Zugang für Geflüchtete an die Hochschule Esslingen

Die Hochschule Esslingen setzt sich für geflüchtete Menschen ein, die ein Studium aufnehmen möchten. Dafür wurde im letzten Jahr der Arbeitskreis „Zugang für Geflüchtete an die Hochschule Esslingen“ im Rektorat gegründet.

Die Hochschule Esslingen erleichtert Geflüchteten den Weg ins Studium.

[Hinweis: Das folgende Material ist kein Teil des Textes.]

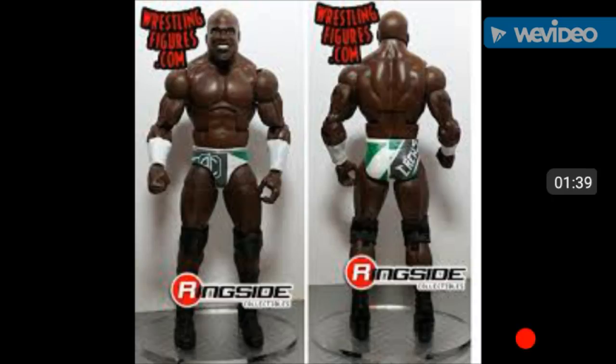The next figure in this set is Apollo Crews. We're already getting a basic of him, but I highly doubt a lot of people will buy that one - an elite is much better. He comes with two plastic t-shirts, which I'll show in a bit. They're the shirts everybody kind of hates because you have to fasten them from the side. I usually just take them off and leave them off, but sometimes I keep them on.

Die Hochschule Esslingen hat ihr Angebot für Menschen mit Fluchthintergrund ausgebaut. Geflüchtete Studierende und Studieninteressierte erhalten Beratung und Informationen durch die Zentrale Studienberatung (ZSB). Sie können die Mathe-Vorkurse kostenlos besuchen und von der Begleitung durch Studierende höherer Semester profitieren. Ganz neu startet die Zentrale Studienberatung im Sommersemester einen speziellen Deutsch-Fach-Kurs zur sprachlichen Förderung der internationalen Studieneinsteigerinnen und -einsteiger. So soll geflüchteten Studierenden der Start ins Studium erleichtert werden.

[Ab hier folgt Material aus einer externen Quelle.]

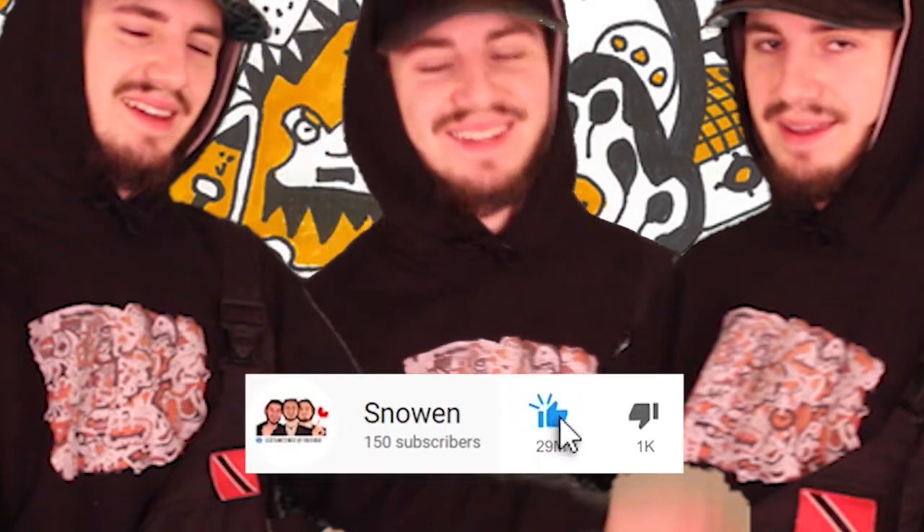Look at this guy. It's three in the morning. I'm genuinely quite tired. Please like and subscribe.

Eine Informationsveranstaltung  am 28. Juni 2017 soll geflüchtete Studieninteressierte und Multiplikatoren wie Ehrenamtliche, Sozialarbeit und Behörden ausführlich über die Möglichkeiten informieren. Nähere Details hierzu finden Sie in Kürze bei der Zentralen Studienberatung.

Arbeitskreis „Zugang für Geflüchtete an die Hochschule Esslingen“

Der Arbeitskreis „Zugang für Geflüchtete an die Hochschule Esslingen“ unter der Leitung von Rektor Prof. Dr. Christian Maercker setzt sich aus Professorinnen und Professoren verschiedener Fakultäten sowie Mitarbeiterinnen und Mitarbeiter verschiedener Abteilungen zusammen. Zu Beginn seiner Arbeit hat der Arbeitskreis Möglichkeiten und Rahmenbedingungen besprochen, um Menschen mit Fluchthintergrund bei der Aufnahme eines Studiums zu unterstützen. Seit Herbst 2016 ist Katharina Simon, Mitarbeiterin der ZSB, die Beauftragte für geflüchtete Studierende und Studieninteressierte.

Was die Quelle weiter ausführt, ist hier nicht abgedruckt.